Patrick AyersWe try to be sex positive parents.

That’s a relatively new term but it basically means we do what we can and what is appropriate to ensure that when the kids grow up they have happy and healthy attitudes about sex and sexuality.  They understand about consent and boundaries.  They understand that sex is something that adults do and, as long as everyone is on the same page, it is natural and not shameful (although it is still gross, according to T2).  They understand that there are a variety of sexualities and for example, gay people (or, as we call them “people”) deserve the same rights and respect as heterosexual people.  My helpful contribution to this latter point is something that my father said to me when I was young and that I now repeat to the boys.

“There are plenty of reasons to not like people,” I will sagely tell them, “but hating someone because of their race or sexuality just makes you a moron.  Dislike people for matters that are under their control, not things that aren’t.”

I’m pretty certain my father cribbed that from Gandhi.

Anyway, we are doing what we can.  One of those things is ensuring that the boys know that their penis is called a penis and that matters of sexuality can be discussed and that they can ask questions if they have them.  They tend not to be shy about it.

“I’m concerned about my penis,” T2 apparently said to Cass the other day.

“Excuse me?” she asked.

“It’s pretty small.”

I wasn’t there, but I wish I had been just so I could have seen the look on her face.

“You’re nine,” she said, “your penis is supposed to be small.”


“Let’s go talk to Patrick.”

I was standing in the kitchen, fixing dinner, blissfully unaware of what was about to happen.
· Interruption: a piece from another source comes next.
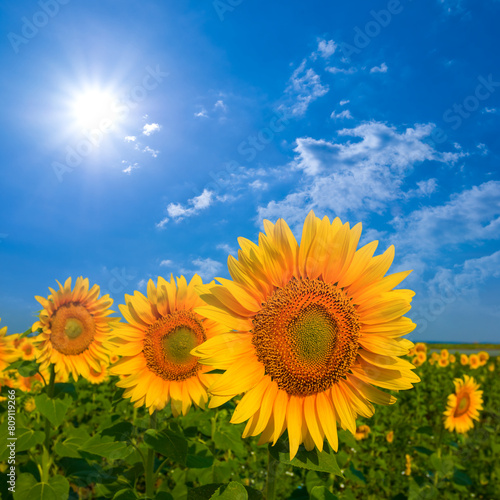 summer sunflower field under a sparkle sun  summer agricutural scene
T1 was standing at the island reading something for school.

“Patrick,” said Cass,”T2 has some concerns about his penis.”

I managed not to cut my fingers off.

“What?” I said. “What’s wrong with it?”

“He thinks his penis is small,” she said.

I looked at T2 who was looking at me with an eyebrow cocked, if you will excuse the expression.  Before thinking about it, I said, “Yeah, you and every other dude on the planet.”

“What does that even mean?” he asked.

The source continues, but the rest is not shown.